Add security considerations on potentially unencyrypted upstream DNS

[miri64]

This fixes #35. See also https://mailarchive.ietf.org/arch/msg/core/warTSPRBXE4OrOam_TeIvRZFHUc/ ff.

@EskoDijk does this fit what you had in mind?

[EskoDijk]

@miri64 I think there could be also confidentiality and integrity without a shared security context?
For example, the DoC server uses a 2nd (new) security relation established by TLS to talk to the DNS server. This context isn't shared with the DoC client but still there is security. (I'm not counting here any attacker present on the DoC Server itself!)
If so then the text needs to be updated to reflect this.

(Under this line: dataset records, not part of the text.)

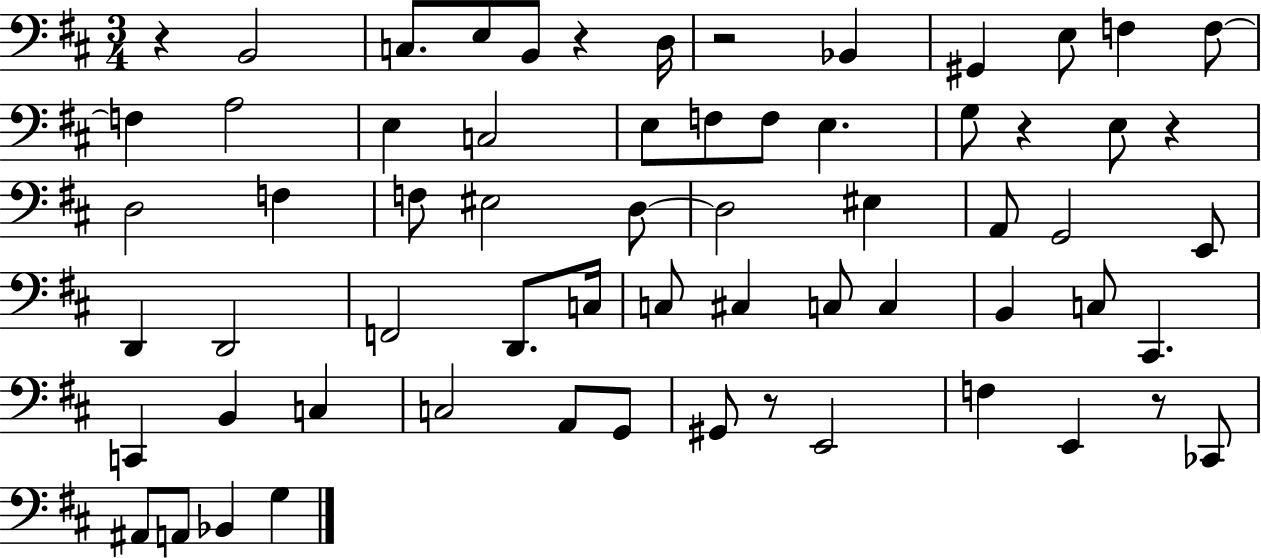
X:1
T:Untitled
M:3/4
L:1/4
K:D
z B,,2 C,/2 E,/2 B,,/2 z D,/4 z2 _B,, ^G,, E,/2 F, F,/2 F, A,2 E, C,2 E,/2 F,/2 F,/2 E, G,/2 z E,/2 z D,2 F, F,/2 ^E,2 D,/2 D,2 ^E, A,,/2 G,,2 E,,/2 D,, D,,2 F,,2 D,,/2 C,/4 C,/2 ^C, C,/2 C, B,, C,/2 ^C,, C,, B,, C, C,2 A,,/2 G,,/2 ^G,,/2 z/2 E,,2 F, E,, z/2 _C,,/2 ^A,,/2 A,,/2 _B,, G,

I have some trouble understanding "unless the security context is with yet another party": if this refers to an OSCORE context, then it's unclear how a DNS server would use OSCORE given it's not CoAP. So that seem unpractical.
And if it's DTLS; it's unclear how e.g. a TLS DNS server could share that same context. Normally it's established independently by the handshake.

In general besides confidentiality, integrity could also be mentioned. (With DNS over UDP the response may get modified by an on-path attacker.)

Do we also need to say that the security of the 2nd leg is out of scope of this document? (Although we could recommend that it's always enabled by default?)

[miri64]

@miri64 I think there could be also confidentiality and integrity without a shared security context?
For example, the DoC server uses a 2nd (new) security relation established by TLS to talk to the DNS server. This context isn't shared with the DoC client but still there is security. (I'm not counting here any attacker present on the DoC Server itself!)
If so then the text needs to be updated to reflect this.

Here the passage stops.